R.C. 3319.11 mandates that a teacher be provided written notice of *130the superintendent’s recommendation and supporting reasons by the thirtieth day of April. However, the statute does not address the mode of delivery or actual content of the notice.

I believe a superintendent should be allowed to delegate to a school principal the ministerial task under R.C. 3319.11 of giving notice to a teacher of the superintendent’s intention not to recommend a continuing contract. See Peck v. Bd. of Edn. of Yuma Union High School Dist. (App. 1980), 126 Ariz. 113, 612 P. 2d 1076. From the record it is clear that Superintendent Robert W. Carter met with Principal Leonard Gleason to discuss relator’s contract status on April 7, 1982. Both men agreed that a one-year limited probationary contract was warranted.

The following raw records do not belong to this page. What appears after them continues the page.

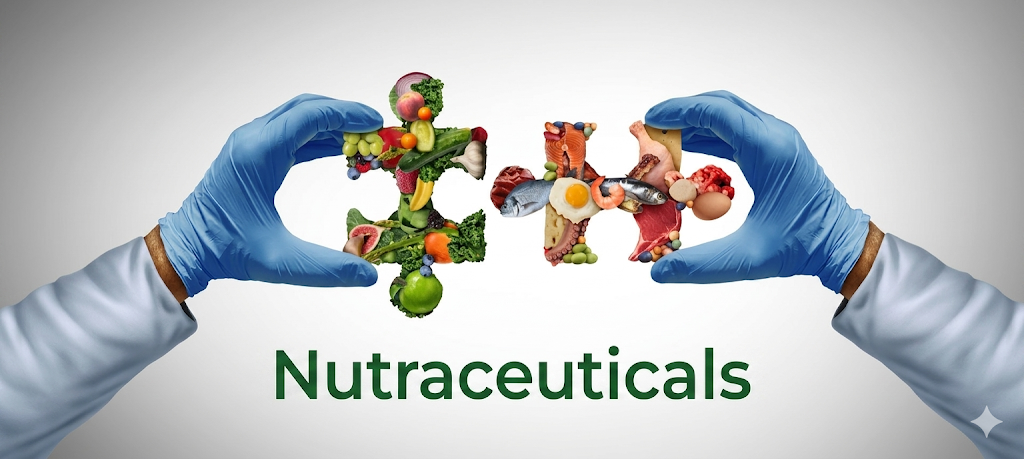 Nutraceuticals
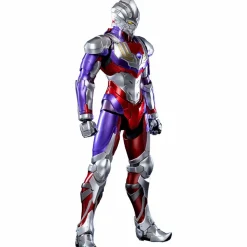 Ultraman - Ultraman Suit Tiga 1/6th Scale Action Figure (Int Sales Only)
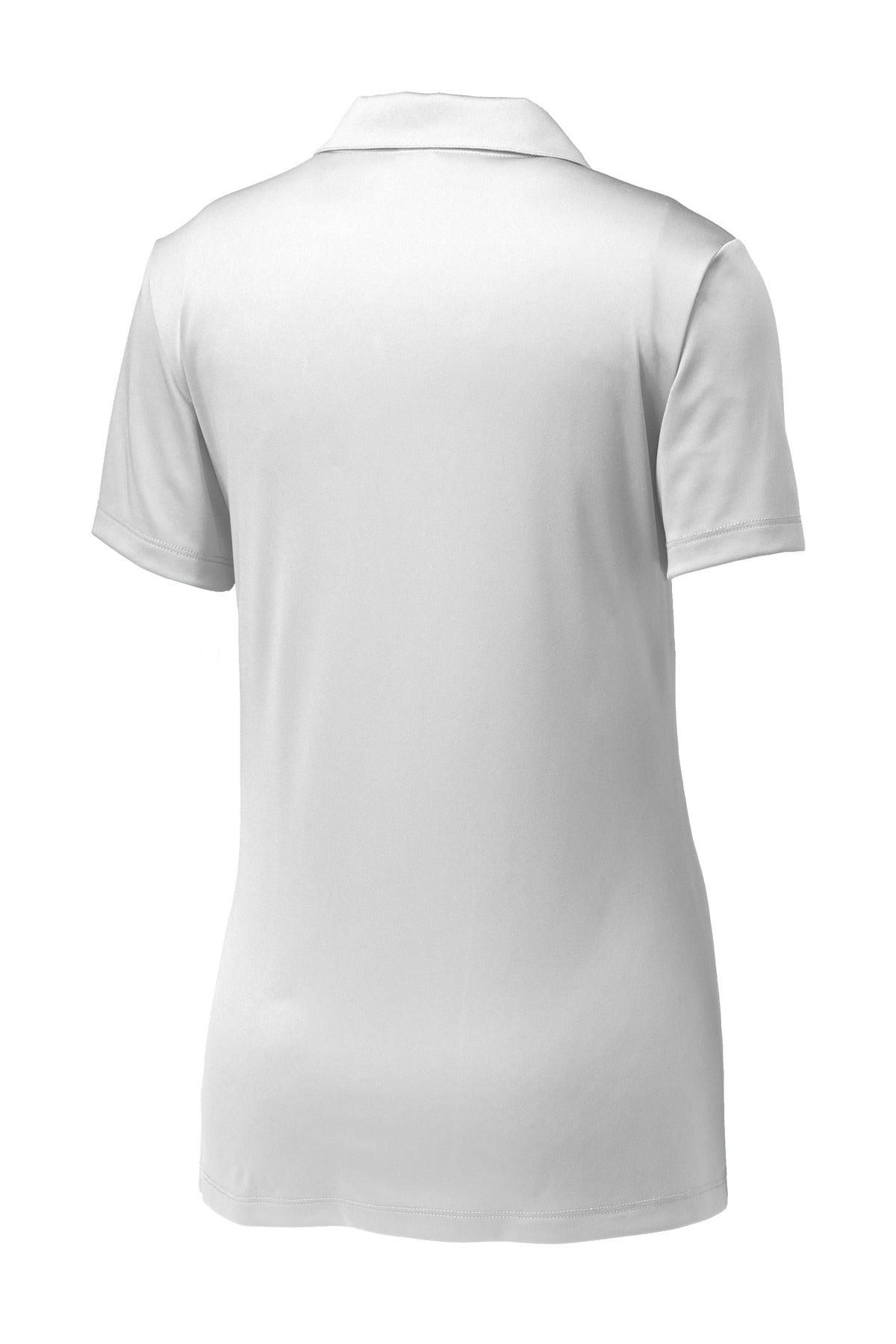 Back Product White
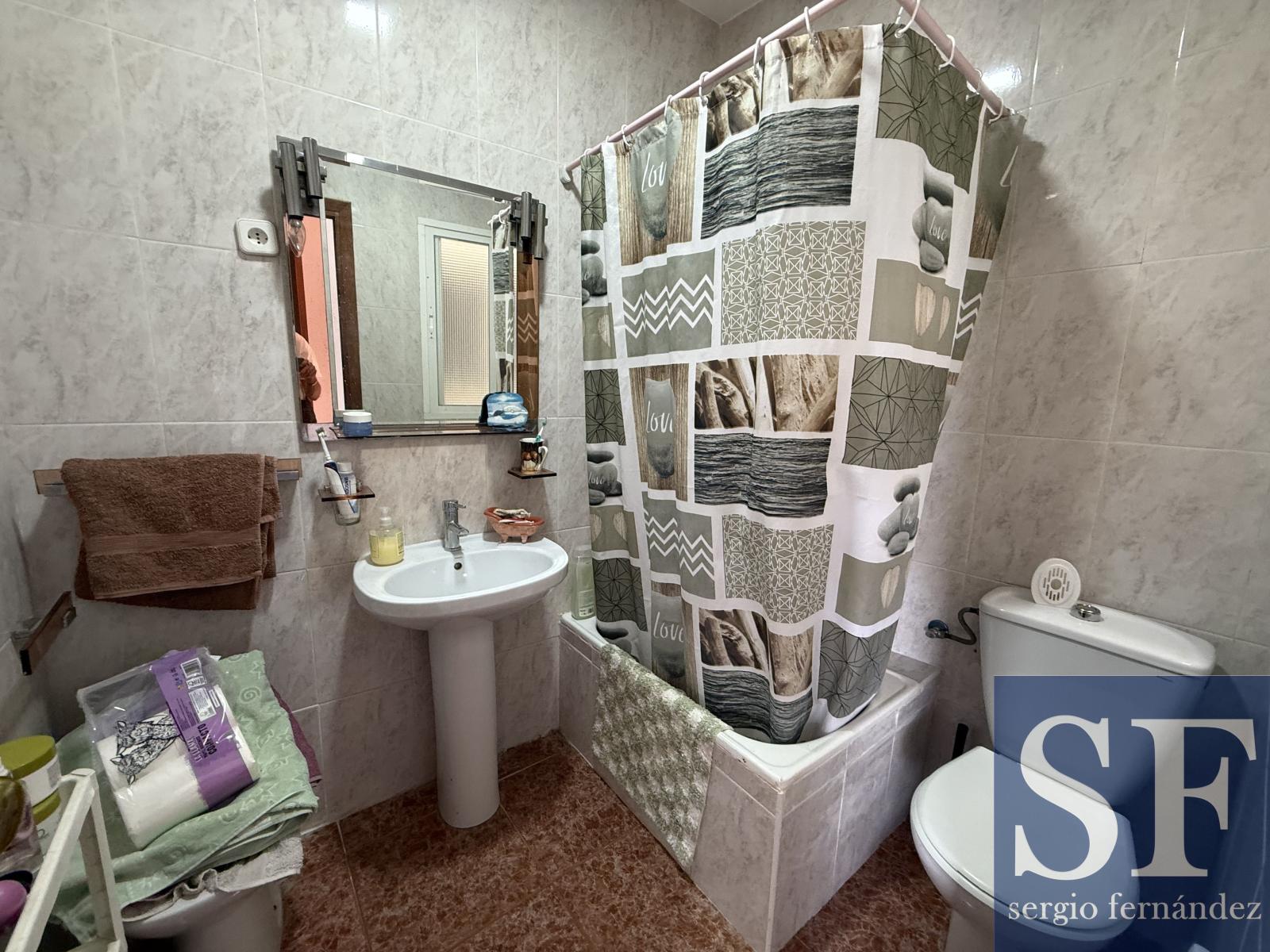 Casa en Venta en Cómpeta
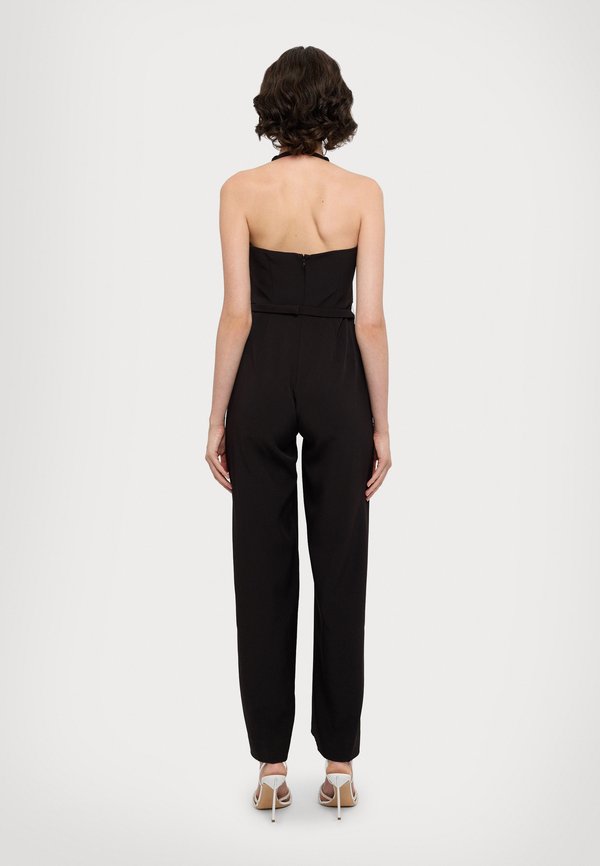 Halston OKI JUMPSUIT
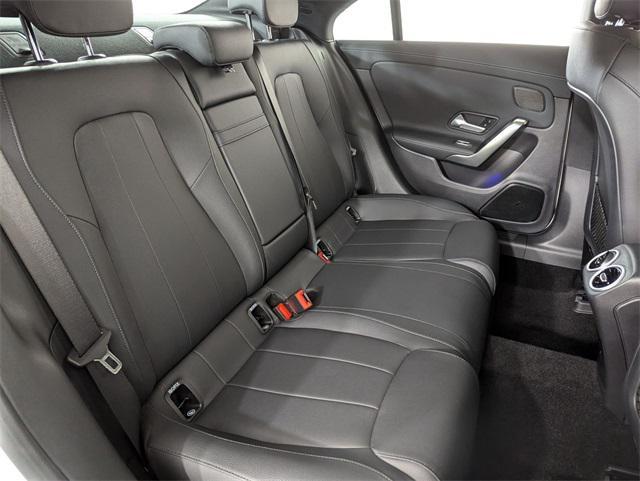 used 2026 Mercedes-Benz CLA 250 car, priced at $45,900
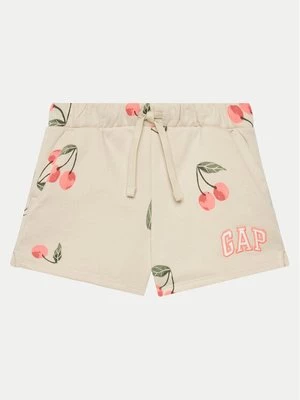 Obrázek produktu Gap Sportovní kraťasy 719777-03 Růžová Regular Fit
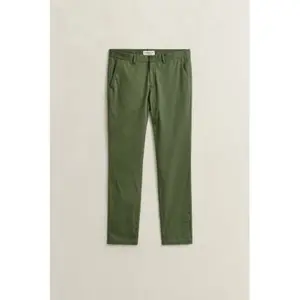 Chino Trousers Gant Sport image-1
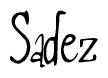 Nametag+Sadez 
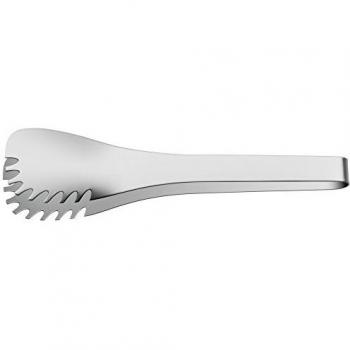 WMF Nuova Pinzas para Pasta, Acero Inoxidable Pulido
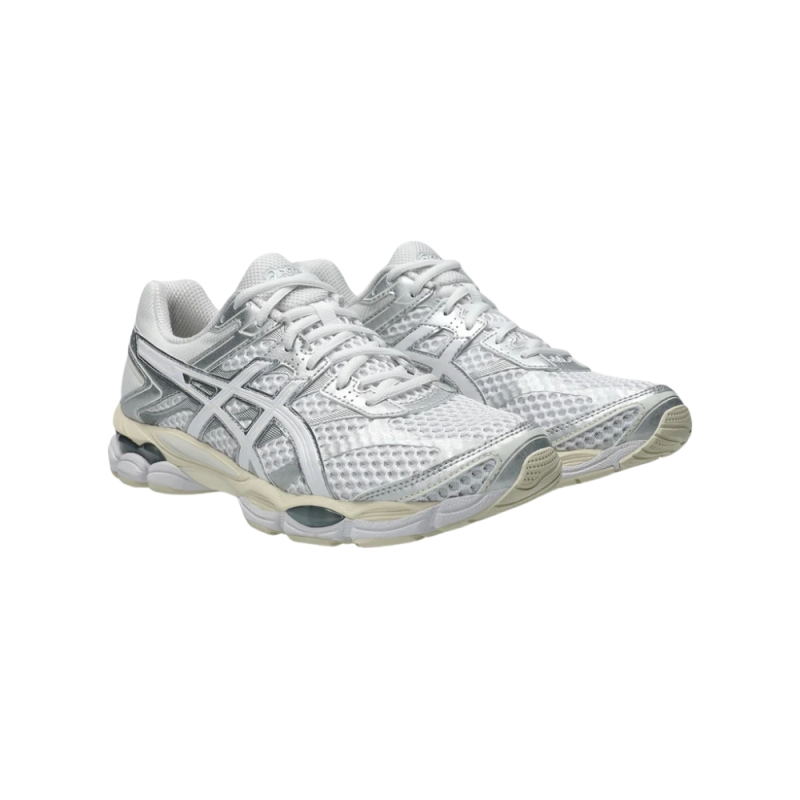 ASICS GEL CUMULUS 16 White White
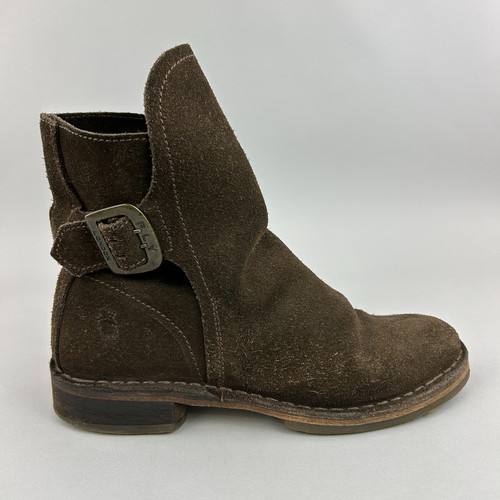 Fly london boots - london, size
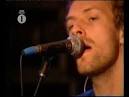 Coldplay- Maida Vale Studios-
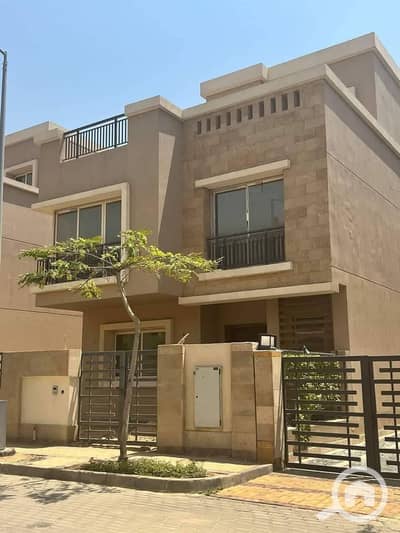 3 Bedroom Townhouse for Sale in New Cairo, Cairo - WhatsApp Image 2024-08-27 at 23.55. 22_d96f4de9. jpg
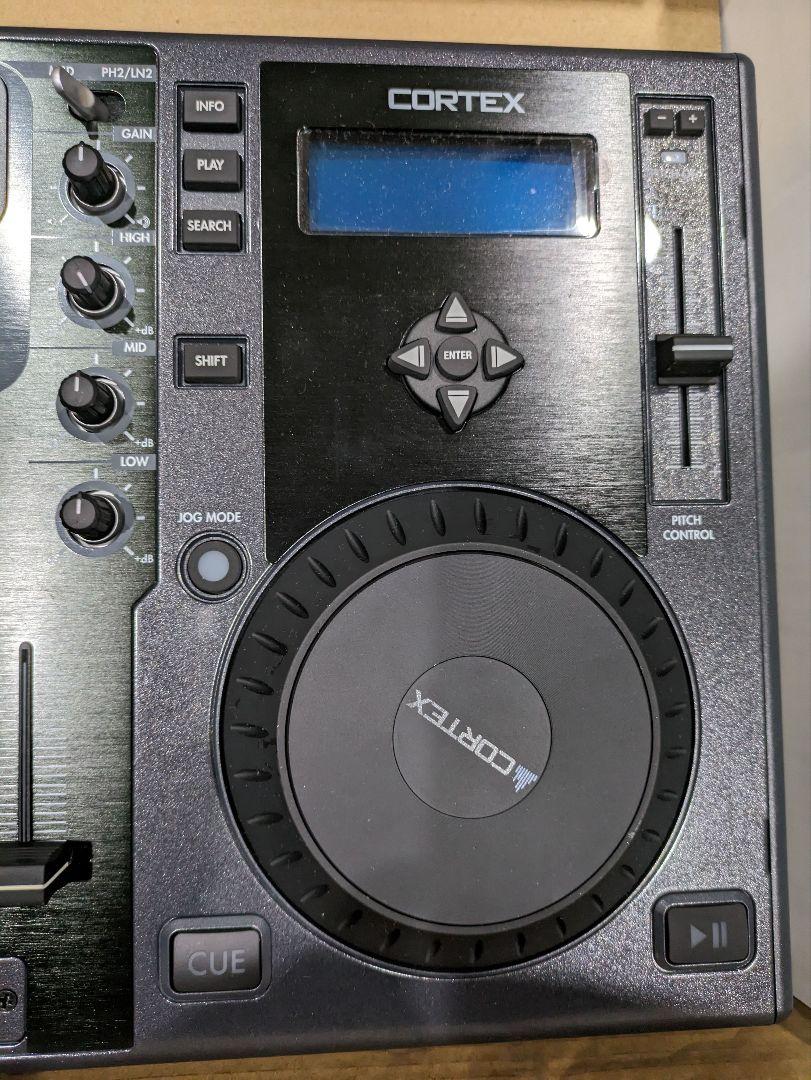 DJ機材 Cortex DMIX-300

Carter then requested that Gleason meet’ with relator to advise her of the former’s intended recommendation as well as his reasons directed at her professional improvement.

On April 14,1982, Gleason met with relator to discuss her contract. At this meeting relator was told of the superintendent’s proposed recommendation and given an evaluation form which indicated the reasons underlying the recommendation. This written notice was believed by school authorities to satisfy the statute.

The clear import of this portion of R.C. 3319.11 is to provide a teacher with sufficient notice relative to the superintendent’s proposed recommendation, and the reasons which support such recommendation. Relator was, without a doubt, provided actual notice of these facts. In my view, the notice, which fairly informed her of the superintendent’s recommendation, was reasonably sufficient as it is in substantial compliance with the statute. See Hoover v. Wagner Community School Dist. (S.D. 1984), 342 N.W. 2d 226; Allred v. Little Rock School Dist. (1981), 274 Ark. 414, 625 S.W. 2d 487.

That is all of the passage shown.